Few lines from Se output (I have trimmed the read length and quality values to make it easy to understand, only the first column is important here)
NS500187:41:HMJGTAFXX:1:11101:2599:1091/1 GCATCTATGCGCCTAC hhhhhhhhhhhhhhhhh 1 a 98 + Gene_ID_A7_57347 278 2 C->67T40 C->40T40 98M 40C26C30
NS500187:41:HMJGTAFXX:1:11101:2599:1091/2 GCATCTATGCGCCTAC hhhhhhhhhhhhhhhhh 1 b 98 - Gene_ID_A7_57347 278 2 C->67T40 C->40T40 98M 40C26C30
NS500187:41:HMJGTAFXX:1:11101:6204:1109/2 GCTGGTGACGGTAGG hhhhhhhhhhhhhhhhh 1 b 150 - Gene_ID__935968 90 1 T->24C40 150M 24T125
NS500187:41:HMJGTAFXX:1:11101:9368:1117/1 TCTCTCGGCCGTACCC hhhhhhhhhhhhhhhhh 1 a 151 + Gene_ID_A4_85082 485 1 T->148C40 151M 148T2
NS500187:41:HMJGTAFXX:1:11101:13569:1120/2 GCCGTTACATGATGGG hhhhhhhhhhhhhhhhh 1 b 151 + MH0419_GL0057511 723 2 A->117G40 T->48C40 151M 48T68A33
NS500187:41:HMJGTAFXX:1:11101:24413:1122/1 CGATGTGATGAGAAAA hhhhhhhhhhhhhhhhh 1 a 151 - MH0366_GL0138790 243 2 A->129G40 T->31G40 151M 31T97A21
Thanks in Advance,
Regards
Ankit
Where they match, as per the first 2 reads that you've pasted, are they always reads over the exact same positions? The first two look like identical reads but just on opposite strands. Perhaps star erroneously interprets these as non-matching mate-pairs.
Hello Kevin,
Actually you are right, after you mentioned that the two paired reads looks the same, I went on to check all such cases. I observed that almost all of paired end reads in the SE_output are identical but just on opposite strands. One reason can be that the minimum insert size that I have taken is 100 and my read length is 150, so probably the pairs with insert size of around 150 will result in exactly identical pairs. Even after this, I think these pairs should have gone in the PE_output rather than SE_output. Do you have any suggestion on how could I resolve this ?

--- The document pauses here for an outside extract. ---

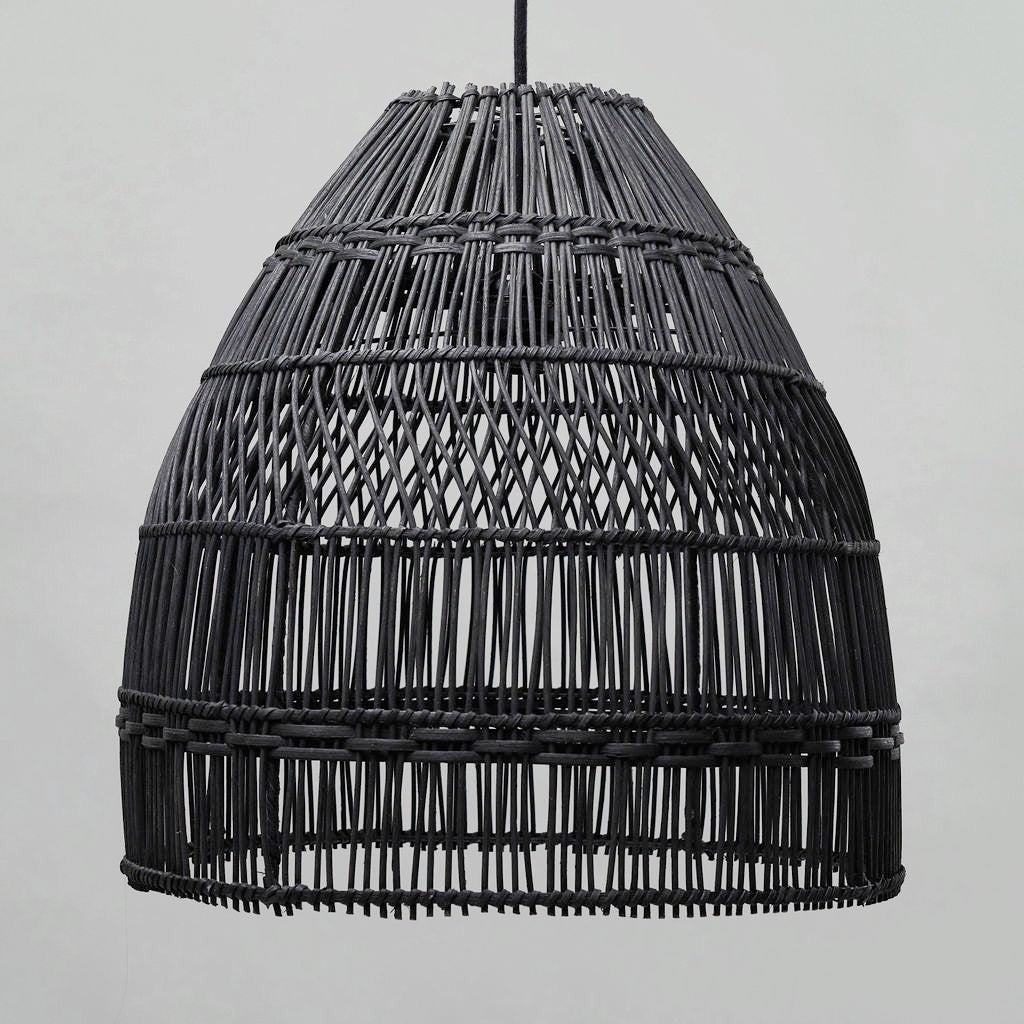 black rattan pendant light. photo fo the light shade against a plain grey background enables you to see the pattern in the weave of the light shade.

Additionally, there some cases in which the reads pairs are not identical, for e.g.,
NS500187:34:HJJY5AFXX:1:11101:24396:1417/1 TAGAAAAACTGTTAAATGAAGGGCACAAAAGTGCTCAGATAATCATTGACTTTGCAGAAGATCCAAATCAATTTTTATCTACTGTGCAAATAGGAATTACACTTATCGGTATCTTAACTGGTTCTTACGGTGGAGCTACTTTAGCTTAAC hhhhhhhhhhhhhhhhhhhhhhhhhhhhhhhhhhhhhhhhhhhhhhhhhhhhhhhhhhhhhhhhhhhhhhhhhhhhhhhhhhhhhhhhhhhhhhhhhhhhhhhhhhhhhhhhhhhhhhhhhhhhhhhhhhhhhhhhhhhhhhhhhhhhhh 1 a 150 + Gene_ID_UA_864050 107 2 G->146T40 G->122T40 150M 122G23G3
NS500187:34:HJJY5AFXX:1:11101:24396:1417/2 TATCTAATGTGAAAATAGGAATTACACTTATCGGTATCTTAACTGGTGCTTACGGTGGAGCTACTTTAGCTGAACCATTATCAGAAGTAATTGGTCCATATGTACCATATAGCGGAACAATAAGTATTTTAGTAGTTGTTATCATTACAAC hhhhhhhhhhhhhhhhhhhhhhhhhhhhhhhhhhhhhhhhhhhhhhhhhhhhhhhhhhhhhhhhhhhhhhhhhhhhhhhhhhhhhhhhhhhhhhhhhhhhhhhhhhhhhhhhhhhhhhhhhhhhhhhhhhhhhhhhhhhhhhhhhhhhhhh 1 b 151 - V1.UC30-0_GL0125338 182 2 C->6A40 C->11A40 151M 6C4C139
These two paired reads are not identical, and are mapping on different reference genes. Again, I fail to understand the reason behind such cases in SE_Output.